# Anyone have a good burbot(ling cod) recipie?



## smokeymofo (Jan 5, 2010)

My bro just cought buckets full(literally) at flaming george res. over the weekend. A couple of years ago I googled it and read some people consider them "poor mans lobster". Not sure if I should smoke them or???


----------



## rstr hunter (Jan 6, 2010)

Went to the eelpout festival (eelpout is Minnesotan for bourbot) in Walker, MN years ago and they just cleaned it, cut it into strips, breaded it, and deep fried it. Hard to believe that something so ugly could be tasty, but it was. That's the direction I'd go. I think most of the fish that turn out best smoked are somewhat oily fish (i.e. salmon, trout, whitefish, tulibee) this is a white flaky fish like a walleye or a halibut.


----------



## mulepackin (Jan 6, 2010)

That's mainly what we've done with the ones we've had. Chunked them up, dipped in tempura batter and deep fried. Also heard that steamed and served with drawn butter is quite good.


----------



## bustintires (Jan 6, 2010)

dredge in seasoned flour then egg wash then panko, deep fry.


----------



## silverado2100 (Jan 6, 2010)

did you cut the cheeks out of em, there not very wide but there deep. very good. Personally i like to batter in zatterans, beer batter, or a custom mix of drakes/pancake/breadcrumbs/whatever's in the cupboard even crushed potato chips or cheese its are good to.


----------



## meateater (Jan 6, 2010)

I've eaten many of them. Like said before, steam and butter or place in a glass dish, add sliced onion, tomato and a few slices of bacon, salt and pepper. cover with foil and bake. Squeeze some lemon on top and feed your face! 
	

	
	
		
		



		
			






 Don't let that green meat freak you out, it turns edible white.


----------



## mulepackin (Jan 6, 2010)

LOL, yeah I forgot about that, that stuff does have a mossy look about it at first doesn't it!


----------



## gnubee (Jan 6, 2010)

You don't clean Burbot as such, you hang the fish by the head with a sharp hook secured to the fence. Then take two pairs of pliers and pull the skin off like a sock. about fully 1/2 of the fish is waste. They have a huge head and belly, The only useable part is the two shoulder fillets ( if fish had shoulders ) Then remove those two fillets with a sharp knife and toss the rest in the garbage.

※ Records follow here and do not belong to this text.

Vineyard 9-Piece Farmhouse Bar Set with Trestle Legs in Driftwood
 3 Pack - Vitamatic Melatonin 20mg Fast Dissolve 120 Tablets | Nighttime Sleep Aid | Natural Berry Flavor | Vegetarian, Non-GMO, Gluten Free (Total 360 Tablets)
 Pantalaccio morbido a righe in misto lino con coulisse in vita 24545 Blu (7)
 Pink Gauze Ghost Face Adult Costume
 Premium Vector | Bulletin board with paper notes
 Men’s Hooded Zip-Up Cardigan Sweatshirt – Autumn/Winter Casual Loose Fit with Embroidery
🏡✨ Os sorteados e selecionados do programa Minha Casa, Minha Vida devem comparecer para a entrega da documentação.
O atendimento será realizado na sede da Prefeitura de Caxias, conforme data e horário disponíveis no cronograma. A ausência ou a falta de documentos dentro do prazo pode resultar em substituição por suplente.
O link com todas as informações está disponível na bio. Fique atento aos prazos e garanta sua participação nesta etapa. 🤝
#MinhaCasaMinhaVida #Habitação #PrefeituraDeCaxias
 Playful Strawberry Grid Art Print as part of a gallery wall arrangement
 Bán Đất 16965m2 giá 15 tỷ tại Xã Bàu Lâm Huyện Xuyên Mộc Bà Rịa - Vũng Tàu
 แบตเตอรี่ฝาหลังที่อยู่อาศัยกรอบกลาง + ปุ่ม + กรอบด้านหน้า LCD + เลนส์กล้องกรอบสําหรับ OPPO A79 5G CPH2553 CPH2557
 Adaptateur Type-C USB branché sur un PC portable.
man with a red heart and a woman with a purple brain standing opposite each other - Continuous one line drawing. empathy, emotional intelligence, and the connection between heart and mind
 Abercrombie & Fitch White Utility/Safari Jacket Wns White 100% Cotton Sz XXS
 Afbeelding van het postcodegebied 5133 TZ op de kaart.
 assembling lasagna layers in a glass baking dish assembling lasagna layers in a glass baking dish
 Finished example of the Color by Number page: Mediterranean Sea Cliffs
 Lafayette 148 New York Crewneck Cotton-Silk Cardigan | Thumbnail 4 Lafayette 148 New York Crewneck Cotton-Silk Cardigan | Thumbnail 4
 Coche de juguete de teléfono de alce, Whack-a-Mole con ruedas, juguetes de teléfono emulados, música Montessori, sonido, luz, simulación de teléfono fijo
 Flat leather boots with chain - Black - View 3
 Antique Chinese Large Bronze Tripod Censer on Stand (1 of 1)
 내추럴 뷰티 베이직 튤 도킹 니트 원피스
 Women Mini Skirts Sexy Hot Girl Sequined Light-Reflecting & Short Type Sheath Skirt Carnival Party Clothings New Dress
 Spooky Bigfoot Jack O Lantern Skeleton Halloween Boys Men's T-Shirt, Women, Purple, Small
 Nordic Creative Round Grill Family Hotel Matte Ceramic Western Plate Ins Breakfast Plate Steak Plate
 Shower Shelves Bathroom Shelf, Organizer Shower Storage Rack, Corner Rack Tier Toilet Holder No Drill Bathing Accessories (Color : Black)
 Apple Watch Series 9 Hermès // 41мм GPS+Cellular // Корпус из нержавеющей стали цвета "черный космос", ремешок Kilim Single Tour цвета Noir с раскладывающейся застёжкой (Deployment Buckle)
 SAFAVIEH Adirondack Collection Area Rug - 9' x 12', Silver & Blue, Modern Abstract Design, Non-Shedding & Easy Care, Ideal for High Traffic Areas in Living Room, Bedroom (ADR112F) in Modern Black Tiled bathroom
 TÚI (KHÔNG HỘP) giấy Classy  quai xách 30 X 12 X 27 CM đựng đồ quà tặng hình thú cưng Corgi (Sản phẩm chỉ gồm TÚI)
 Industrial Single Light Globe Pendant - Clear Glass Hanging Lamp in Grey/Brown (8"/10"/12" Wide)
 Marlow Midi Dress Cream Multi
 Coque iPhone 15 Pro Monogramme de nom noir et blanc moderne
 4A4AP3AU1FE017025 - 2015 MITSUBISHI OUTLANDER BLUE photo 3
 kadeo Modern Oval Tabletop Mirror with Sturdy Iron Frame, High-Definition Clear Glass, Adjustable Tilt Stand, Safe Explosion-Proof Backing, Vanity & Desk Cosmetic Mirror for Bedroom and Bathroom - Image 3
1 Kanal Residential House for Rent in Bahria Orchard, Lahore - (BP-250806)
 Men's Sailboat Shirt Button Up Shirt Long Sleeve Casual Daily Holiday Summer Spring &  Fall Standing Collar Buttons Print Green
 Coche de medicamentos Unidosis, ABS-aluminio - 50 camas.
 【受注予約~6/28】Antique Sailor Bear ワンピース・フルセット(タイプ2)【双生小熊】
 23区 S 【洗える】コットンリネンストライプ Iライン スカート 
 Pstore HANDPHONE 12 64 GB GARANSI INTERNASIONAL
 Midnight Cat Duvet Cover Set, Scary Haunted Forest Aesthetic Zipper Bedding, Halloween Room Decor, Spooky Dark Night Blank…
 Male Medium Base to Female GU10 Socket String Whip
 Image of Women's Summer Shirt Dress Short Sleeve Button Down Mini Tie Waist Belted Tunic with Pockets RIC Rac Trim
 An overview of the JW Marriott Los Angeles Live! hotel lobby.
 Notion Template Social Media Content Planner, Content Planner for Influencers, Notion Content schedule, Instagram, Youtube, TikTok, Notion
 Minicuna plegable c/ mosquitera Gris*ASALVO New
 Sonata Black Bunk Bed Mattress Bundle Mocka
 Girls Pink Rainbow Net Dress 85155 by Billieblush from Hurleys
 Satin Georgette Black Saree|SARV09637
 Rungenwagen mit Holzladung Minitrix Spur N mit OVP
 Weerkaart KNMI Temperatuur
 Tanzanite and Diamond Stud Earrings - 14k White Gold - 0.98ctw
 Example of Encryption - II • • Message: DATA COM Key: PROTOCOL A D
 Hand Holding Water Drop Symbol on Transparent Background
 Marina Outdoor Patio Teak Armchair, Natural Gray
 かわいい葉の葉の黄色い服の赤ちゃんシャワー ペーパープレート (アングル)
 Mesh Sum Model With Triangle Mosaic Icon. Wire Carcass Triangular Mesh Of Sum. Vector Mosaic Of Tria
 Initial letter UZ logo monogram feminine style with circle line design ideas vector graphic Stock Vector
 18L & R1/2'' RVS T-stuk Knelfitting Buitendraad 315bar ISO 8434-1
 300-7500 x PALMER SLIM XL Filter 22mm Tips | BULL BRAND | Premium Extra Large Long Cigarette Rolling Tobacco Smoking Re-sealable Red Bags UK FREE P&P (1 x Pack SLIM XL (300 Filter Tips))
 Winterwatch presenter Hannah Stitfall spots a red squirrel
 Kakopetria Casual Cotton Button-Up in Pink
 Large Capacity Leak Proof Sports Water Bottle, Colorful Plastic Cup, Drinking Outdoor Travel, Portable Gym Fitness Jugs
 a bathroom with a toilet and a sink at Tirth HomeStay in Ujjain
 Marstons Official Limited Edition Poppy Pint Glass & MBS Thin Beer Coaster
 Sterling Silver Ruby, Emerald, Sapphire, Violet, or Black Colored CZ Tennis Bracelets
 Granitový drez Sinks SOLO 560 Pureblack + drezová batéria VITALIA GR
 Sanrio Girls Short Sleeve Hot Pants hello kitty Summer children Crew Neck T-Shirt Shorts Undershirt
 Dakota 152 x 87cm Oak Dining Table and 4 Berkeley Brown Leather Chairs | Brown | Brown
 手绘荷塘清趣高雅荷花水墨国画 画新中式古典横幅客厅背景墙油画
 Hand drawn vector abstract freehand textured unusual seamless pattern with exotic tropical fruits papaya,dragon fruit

We used to plant the head and guts under the roses but you risk having the dogs digging it up and rolling in it. believe me you don't want that. 

Burbot is one of the nicest tasting fresh water fish, it makes superb fish for fish & chips. 

My favorite recipe is to dredge it in flour and some old bay seasonings next an egg wash then roll in panko and fry in oil when its just about done fry in a second pan in pure butter. MMMMMMMmmmmmmmm good.

Panko = Japanese bread crumbs...... Ironically Made by running dried French bread thru a food processor.


----------



## smokeymofo (Jan 6, 2010)

Thanks guys
	

	
	
		
		



		
		
	


	





 gonna fry some up tonite, the above post is how my bro cleans them. Some how these(burbot) have made it to whyoming all the way from the great lakes( or so I've read). There is no limit on them and he says they just murdered them on some kind of glow in the dark jig, while fishing at night.


----------



## mnrookie (Feb 9, 2010)

I'm with Rstr Hunter, we call them eelpout here in Minnesota.  I've not had it before...but have heard from many to boil in 7up or Sprite, then just dip in butter and enjoy.


----------